------ Source data

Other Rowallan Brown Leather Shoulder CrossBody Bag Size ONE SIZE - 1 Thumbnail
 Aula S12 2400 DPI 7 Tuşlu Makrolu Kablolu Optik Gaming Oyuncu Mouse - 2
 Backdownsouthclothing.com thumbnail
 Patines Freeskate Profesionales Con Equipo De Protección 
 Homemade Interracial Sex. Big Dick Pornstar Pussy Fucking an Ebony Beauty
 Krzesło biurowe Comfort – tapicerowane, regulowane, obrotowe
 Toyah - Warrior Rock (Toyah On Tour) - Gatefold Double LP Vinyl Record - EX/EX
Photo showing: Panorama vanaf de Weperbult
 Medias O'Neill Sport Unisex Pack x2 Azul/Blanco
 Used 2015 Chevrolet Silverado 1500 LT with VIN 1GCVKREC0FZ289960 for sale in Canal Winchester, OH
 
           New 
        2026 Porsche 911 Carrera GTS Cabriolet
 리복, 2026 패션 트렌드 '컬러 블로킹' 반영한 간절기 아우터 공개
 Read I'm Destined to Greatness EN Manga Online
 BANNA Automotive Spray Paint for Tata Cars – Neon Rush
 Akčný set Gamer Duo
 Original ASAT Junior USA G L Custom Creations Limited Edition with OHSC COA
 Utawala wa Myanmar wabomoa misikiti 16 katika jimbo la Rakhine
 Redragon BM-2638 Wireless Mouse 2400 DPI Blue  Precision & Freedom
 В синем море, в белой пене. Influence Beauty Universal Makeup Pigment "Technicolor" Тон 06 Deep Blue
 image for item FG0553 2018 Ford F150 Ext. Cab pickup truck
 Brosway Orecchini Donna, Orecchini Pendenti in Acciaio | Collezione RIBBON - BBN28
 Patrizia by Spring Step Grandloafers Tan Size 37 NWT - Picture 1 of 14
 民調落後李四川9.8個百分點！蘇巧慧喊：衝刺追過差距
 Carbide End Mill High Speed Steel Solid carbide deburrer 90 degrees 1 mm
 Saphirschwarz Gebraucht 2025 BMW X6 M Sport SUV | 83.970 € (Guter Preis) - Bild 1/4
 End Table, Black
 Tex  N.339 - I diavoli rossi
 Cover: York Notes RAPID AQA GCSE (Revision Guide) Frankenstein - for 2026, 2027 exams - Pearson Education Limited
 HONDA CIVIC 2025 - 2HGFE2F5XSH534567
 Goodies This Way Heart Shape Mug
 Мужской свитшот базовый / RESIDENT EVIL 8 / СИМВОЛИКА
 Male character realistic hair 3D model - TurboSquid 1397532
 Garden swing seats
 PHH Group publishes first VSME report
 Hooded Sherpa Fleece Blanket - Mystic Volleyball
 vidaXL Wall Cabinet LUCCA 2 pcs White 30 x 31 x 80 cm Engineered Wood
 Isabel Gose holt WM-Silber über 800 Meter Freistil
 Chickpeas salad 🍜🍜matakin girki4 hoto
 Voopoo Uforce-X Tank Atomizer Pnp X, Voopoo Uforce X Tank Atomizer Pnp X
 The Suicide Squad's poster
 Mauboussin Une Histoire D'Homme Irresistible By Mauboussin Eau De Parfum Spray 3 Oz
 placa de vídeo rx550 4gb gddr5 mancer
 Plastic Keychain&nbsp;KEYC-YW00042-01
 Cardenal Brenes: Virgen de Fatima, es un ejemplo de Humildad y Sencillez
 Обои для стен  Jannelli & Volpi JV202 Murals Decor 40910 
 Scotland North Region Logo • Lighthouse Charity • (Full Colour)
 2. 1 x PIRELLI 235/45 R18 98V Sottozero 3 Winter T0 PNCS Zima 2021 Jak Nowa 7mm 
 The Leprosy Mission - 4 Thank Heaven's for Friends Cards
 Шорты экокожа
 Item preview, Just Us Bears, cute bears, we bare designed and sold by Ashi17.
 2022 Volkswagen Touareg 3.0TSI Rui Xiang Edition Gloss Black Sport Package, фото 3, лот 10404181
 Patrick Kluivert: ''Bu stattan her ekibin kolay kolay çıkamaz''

------------

**Your goal:** Each line carrying the string "Limited" should be copied out from the entries.

**Response for this exercise:**
 Original ASAT Junior USA G L Custom Creations Limited Edition with OHSC COA
 Cover: York Notes RAPID AQA GCSE (Revision Guide) Frankenstein - for 2026, 2027 exams - Pearson Education Limited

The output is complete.